*What you are asked to do*
The reply should reproduce every line of the data below word for word, minus any images.

++++ Information supplied ++++

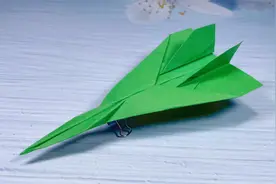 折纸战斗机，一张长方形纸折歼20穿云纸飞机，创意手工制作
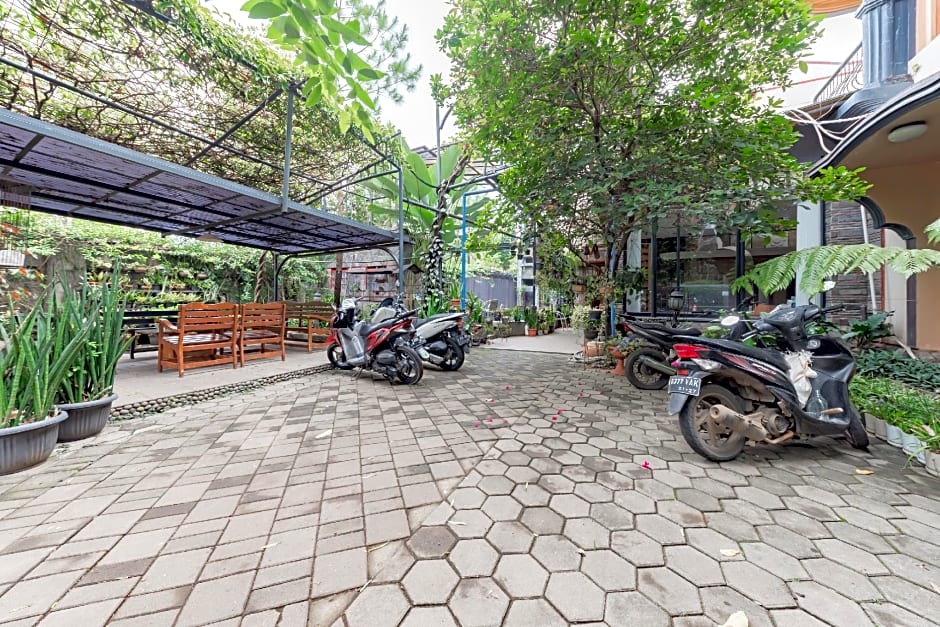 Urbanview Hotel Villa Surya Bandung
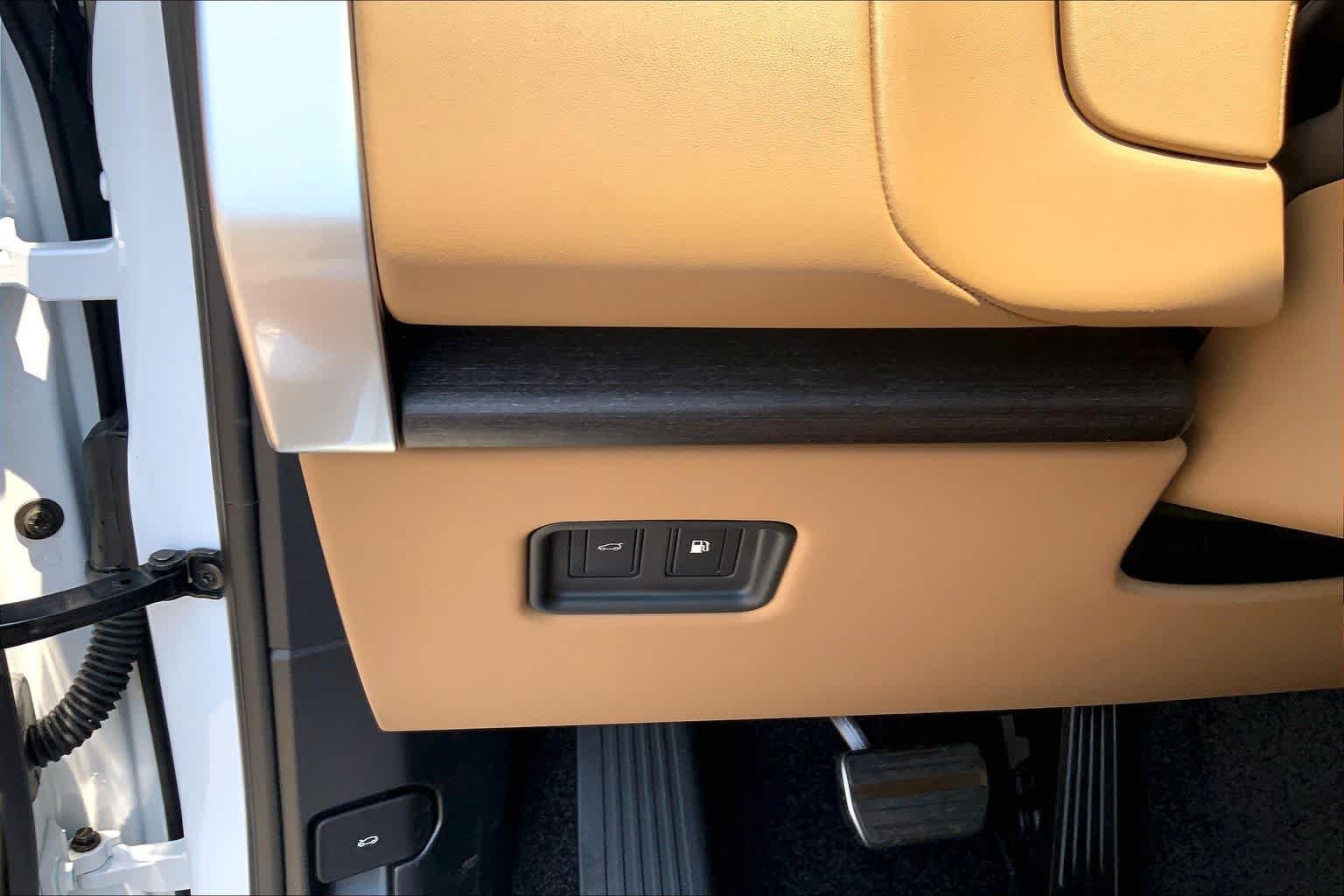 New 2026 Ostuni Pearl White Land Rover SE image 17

++++

*Answer to the problem*
 折纸战斗机，一张长方形纸折歼20穿云纸飞机，创意手工制作
 Urbanview Hotel Villa Surya Bandung
 New 2026 Ostuni Pearl White Land Rover SE image 17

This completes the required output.